Part
One: Probability
Notes
on Proportions
A proportion is a simple ratio - it is computed (and viewed)
differently based on the context in which it is defined. We consider population
proportions, sample proportions and how a proportion is a special kind of mean.
The Population Proportion
We begin with a Population (T) and an
attribute (A). The proportion in this context is simply the ratio of members of
T with attribute A to the total number of members in T.
In symbols, PT,A
= ( NT,A ) / ( NT ).
In short, the proportion PT,A
tells us how often the attribute A occurs in the population T.
The Sample Proportion
We begin with a Random Sample (S) from
Population (T) and an attribute (A). The proportion in this context is simply
the ratio of members of S with attribute A to the total number of members in S.
In symbols, pS,A
= ( nS,A ) / ( nS ).
In short, the proportion pS,A
tells us how often the attribute A occurs in the sample S.

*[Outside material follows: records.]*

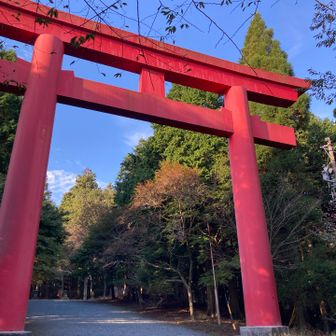 大鳥居⛩️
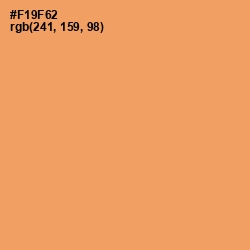 #F19F62 - Atomic Tangerine Color Image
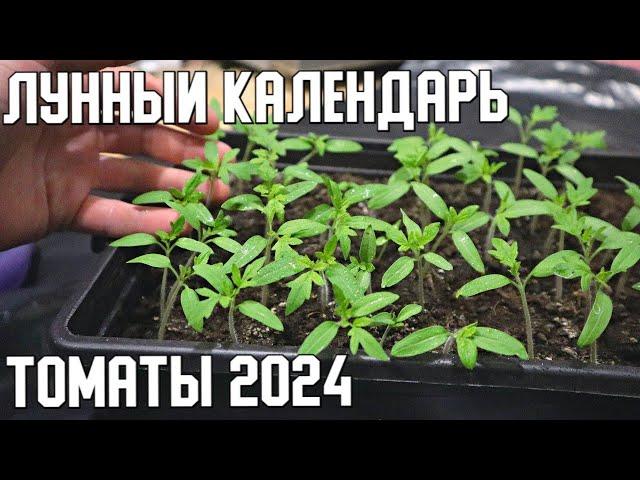 Лунный календарь посадки помидор в 2024 году. Посадите в эти дни для хорошего урожая.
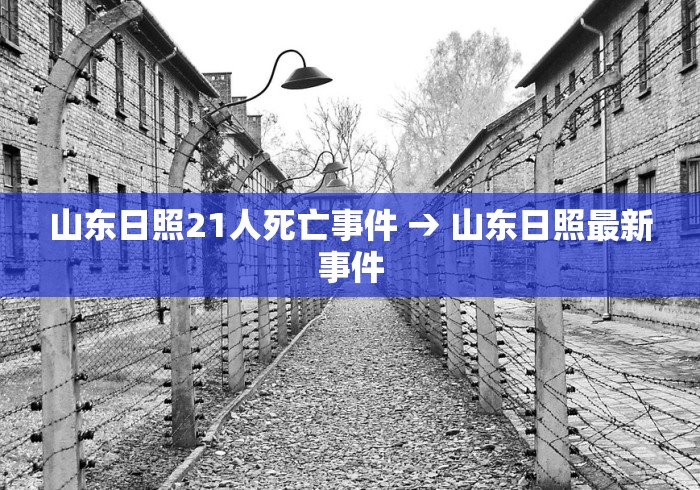 玩家爆料“禅游四川麻将修改器	”(详细开挂教程)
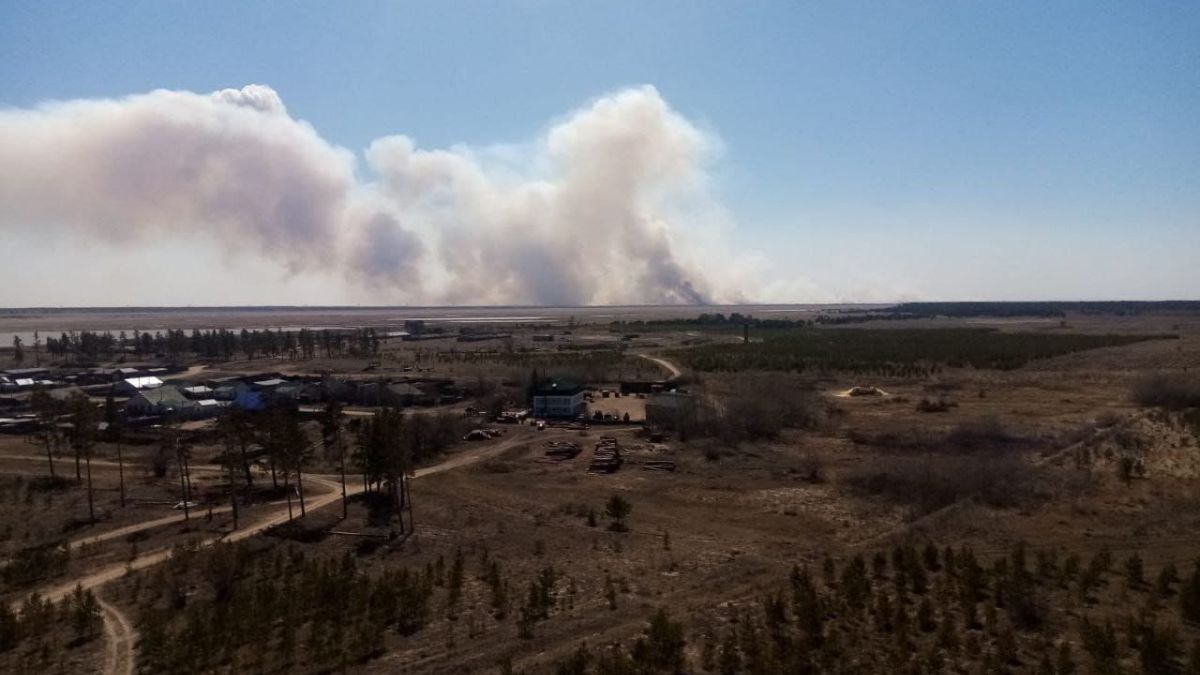 На село Бастан в Михайловском районе надвигается огонь со стороны  Казахстана | 13.04.2023 | Барнаул - БезФормата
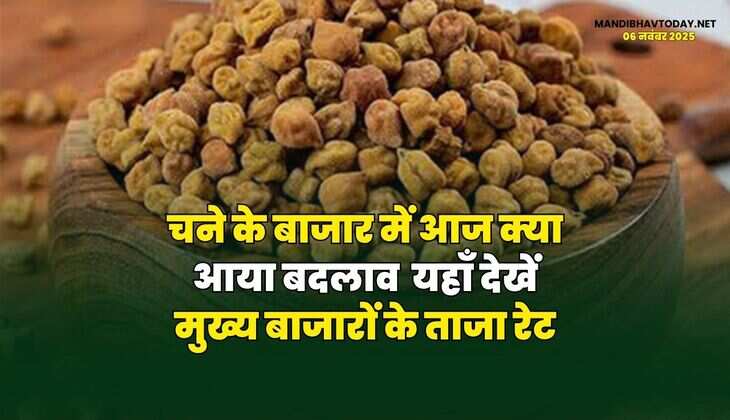 चने के बाजार में आज क्या आया बदलाव | यहाँ देखें मुख्य बाजारों के ताजा रेट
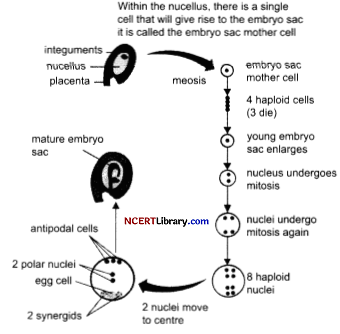 CBSE Sample Papers for Class 12 Biology Set 1 with Solutions Q 31
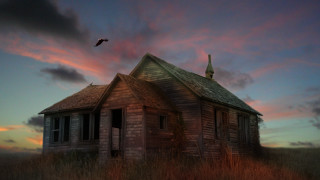 House field bird sunset pink - eric taylor free wallpaper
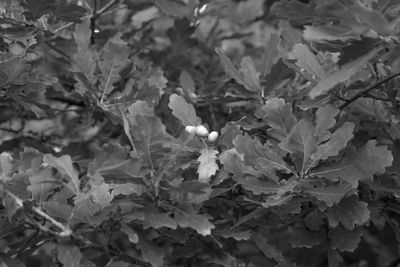 Close-up of plants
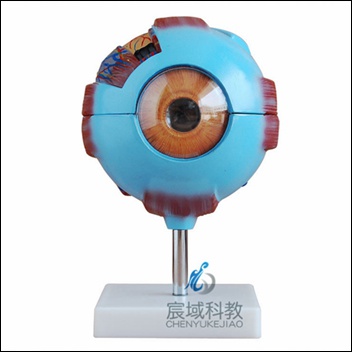CY-XC316 眼球放大模型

The Linkage between Population and
Sample Proportions
Sometimes, the quantity PT,A
can be used to indicate something about pS,A.
In probability theory, PT,A
predicts the behavior of families of pS,A. In statistics, pS,A
can say something about PT,A.
Under certain circumstances, knowing
how often A occurs in a sample drawn from a population can lead to reliable
estimates of how often A occurs in the population itself. Conversely, knowing
how often A occurs in a population predicts the frequency of appearance of A in
samples drawn from the population.
The Probability Proportion
One way of interpreting the probability
of an event is as
the proportion of long runs of trials of an experiment that result in the
occurrence of an Event. For
example, if we are tossing a fair coin a very large number of times, most large
runs of tosses yield a proportion of "heads" of approximately .50 or
50%. Alternatively, if a large number of draws with replacement from a bowl
containing blue, green, red and yellow balls yields approximately 25% blue
draws, then we may be led to believe that approximately 1 in 4 balls in the
bowl is blue.
This interpretation is also known as
the "frequentist" or "long run" interpretation of
probability.
The Proportion Random Variable and The
Proportion Mean
The random variable for an attribute A
is simple - code a trial as "1" if and only if that trial presents
attribute A. Otherwise, code the trial as "0". The proportion is a
special kind of mean, using this simple random variable.
For example, suppose that a coin is
tossed 50 times, and that we write X=0 if heads show and X=1 if tails shows.
Suppose that our 50 tosses show 28 heads and 22 tails. Then the proportion of
tails in the sample of tosses is then the ratio 22/50, or .44 . Simply view the
50 as sample size, and the 22 as the sum of 22 1's and 28 0's.